Abstract Regulatory T cells (Treg) play a fundamental role in maintaining immune tolerance. These cells are defined and characterized by expression of the master regulator Foxp3, a transcription factor that is crucial for Treg function and homeostasis. Natural occurring mutations in Foxp3 gene have been shown to be responsible for the immunodysregulation polyendocrinopathy enteropathy X-linked (IPEX) syndrome, which is characterized by widespread autoimmune diseases. We recently identified a Foxp3 mutation in a boy that manifested a severe IPEX syndrome. This mutation, resulting in the substitution of methionine for isoleucine at amino acid 370 was determined to be part of a class of Foxp3 mutations that disrupt the dimerization motif in the domain swap interface of the protein. We have shown that, although dimerization mutants retain DNA binding, allows Treg development and certain Treg characteristics, it inevitably led to an IPEX syndrome in humans and mice. Genomic analysis of M370I mutant Treg by RNAseq, ChIPseq and HiChIP revealed a de-repression of the T helper type 2 (Th2) transcriptional program leading to the generation of Th2-like Treg.
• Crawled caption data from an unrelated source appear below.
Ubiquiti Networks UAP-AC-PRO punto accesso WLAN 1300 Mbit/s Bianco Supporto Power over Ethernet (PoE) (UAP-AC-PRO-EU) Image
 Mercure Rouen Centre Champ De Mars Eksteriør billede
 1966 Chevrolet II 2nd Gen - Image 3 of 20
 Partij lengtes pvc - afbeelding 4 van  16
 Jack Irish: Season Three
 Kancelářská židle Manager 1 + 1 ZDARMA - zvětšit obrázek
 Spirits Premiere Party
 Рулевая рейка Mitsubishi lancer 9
We have shown that, dimerization mutant proteins bind to multiple locations in the Th2 locus leading to increased intrachromosomal interactions and Th2 cytokines production. As expected, M370I Tregs were unable to suppress Th2 immune responses. Transgenic mice expressing M370I Foxp3 developed autoimmune diseases characterized by systemic Th2 cytokines production and skin and lung inflammation. In conclusion, disruption of the domain swap interface of Foxp3 by M370I mutation led to the development of Th2-like Treg which are functionally unable to suppress the development/function of Th2 cells.